*** PROVIDED RECORDS ***
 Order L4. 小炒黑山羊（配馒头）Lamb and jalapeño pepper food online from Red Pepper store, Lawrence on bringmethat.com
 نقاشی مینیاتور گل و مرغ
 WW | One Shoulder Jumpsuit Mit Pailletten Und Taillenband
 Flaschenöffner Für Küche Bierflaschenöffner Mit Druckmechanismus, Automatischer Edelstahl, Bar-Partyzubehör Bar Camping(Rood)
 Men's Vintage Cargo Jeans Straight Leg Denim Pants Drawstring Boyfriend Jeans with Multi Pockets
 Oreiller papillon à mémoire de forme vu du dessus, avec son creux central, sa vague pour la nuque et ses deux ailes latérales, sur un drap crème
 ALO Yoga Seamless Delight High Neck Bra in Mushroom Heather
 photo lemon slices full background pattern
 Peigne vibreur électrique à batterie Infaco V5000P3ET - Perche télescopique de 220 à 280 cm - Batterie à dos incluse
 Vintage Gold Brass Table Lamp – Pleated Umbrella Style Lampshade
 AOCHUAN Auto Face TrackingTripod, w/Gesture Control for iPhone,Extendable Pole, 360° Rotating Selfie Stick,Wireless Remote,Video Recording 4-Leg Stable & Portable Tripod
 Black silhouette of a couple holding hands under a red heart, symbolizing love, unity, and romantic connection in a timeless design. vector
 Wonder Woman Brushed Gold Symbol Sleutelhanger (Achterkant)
*** End of PROVIDED RECORDS ***
TASK TO CARRY OUT -> Of all the entries above, repeat only the lines from the line that has "ALO Yoga Seamless" to the line that has "Black silhouette of", both lines included, exactly.

RESPONSE TO THE EXERCISE ->
 ALO Yoga Seamless Delight High Neck Bra in Mushroom Heather
 photo lemon slices full background pattern
 Peigne vibreur électrique à batterie Infaco V5000P3ET - Perche télescopique de 220 à 280 cm - Batterie à dos incluse
 Vintage Gold Brass Table Lamp – Pleated Umbrella Style Lampshade
 AOCHUAN Auto Face TrackingTripod, w/Gesture Control for iPhone,Extendable Pole, 360° Rotating Selfie Stick,Wireless Remote,Video Recording 4-Leg Stable & Portable Tripod
 Black silhouette of a couple holding hands under a red heart, symbolizing love, unity, and romantic connection in a timeless design. vector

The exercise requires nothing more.